EXTRACTED INFORMATION>

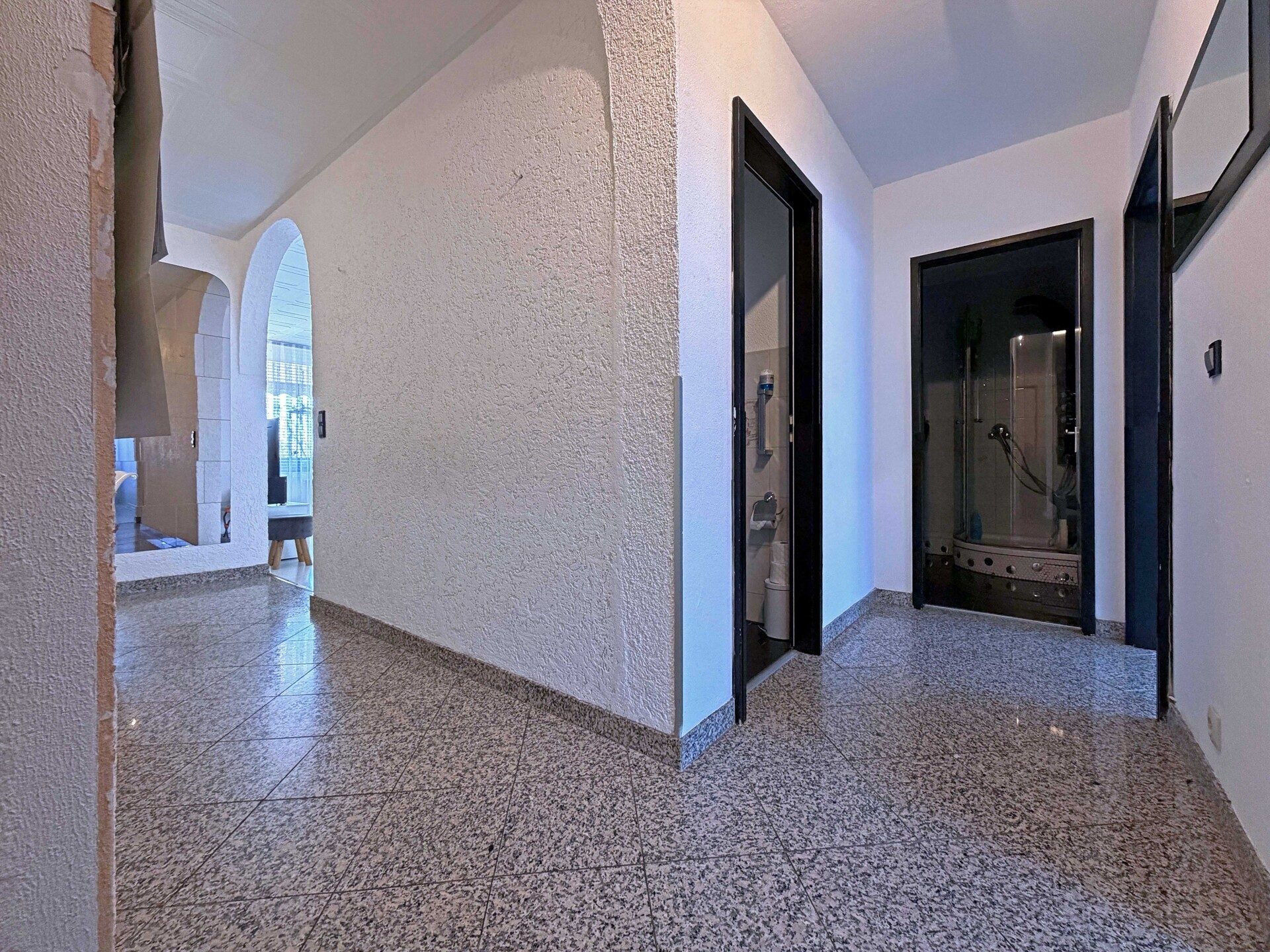Immobilienangebot - Villingen-Schwenningen - Alle - Sorry...leider reserviert. 3 große Zimmer auf
88 m². Überdachter Mega-Balkon. Eigene
Tiefgarage.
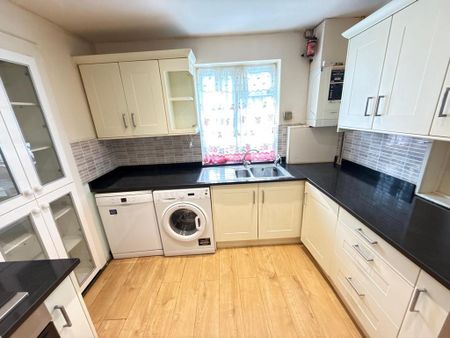 3 bedroom terraced house to rent - Photo 2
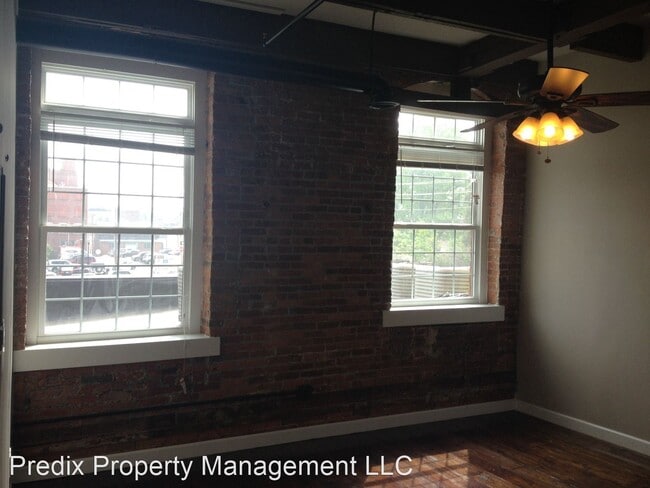 Building Photo - 175 W Gay Ave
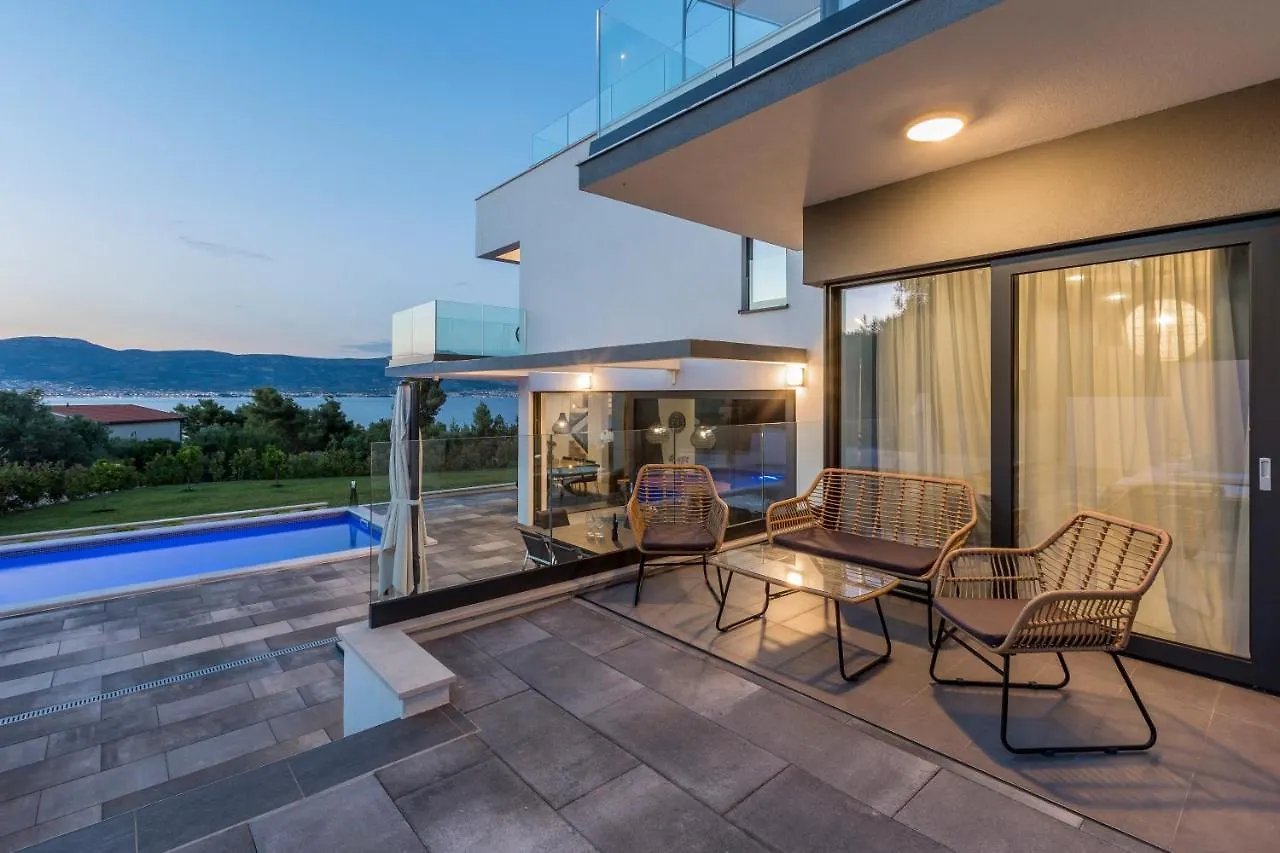 Villa Navisus With Heated Pool And Roof Top Jacuzzi-150M From The Beach Kroatien
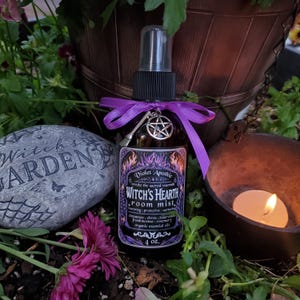 Witch&#39;s Hearth Room Mist: Spray rituale per la benedizione della casa (113 g)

AIM OF THE TASK> From the line with "88 m². Überdachter Mega-Balkon. Eigene" through the final line of the records above, return each line exactly and nothing else. Pictures are to be skipped.

ANSWER TO THIS EXERCISE>
88 m². Überdachter Mega-Balkon. Eigene
Tiefgarage.
 3 bedroom terraced house to rent - Photo 2
 Building Photo - 175 W Gay Ave
 Villa Navisus With Heated Pool And Roof Top Jacuzzi-150M From The Beach Kroatien
 Witch&#39;s Hearth Room Mist: Spray rituale per la benedizione della casa (113 g)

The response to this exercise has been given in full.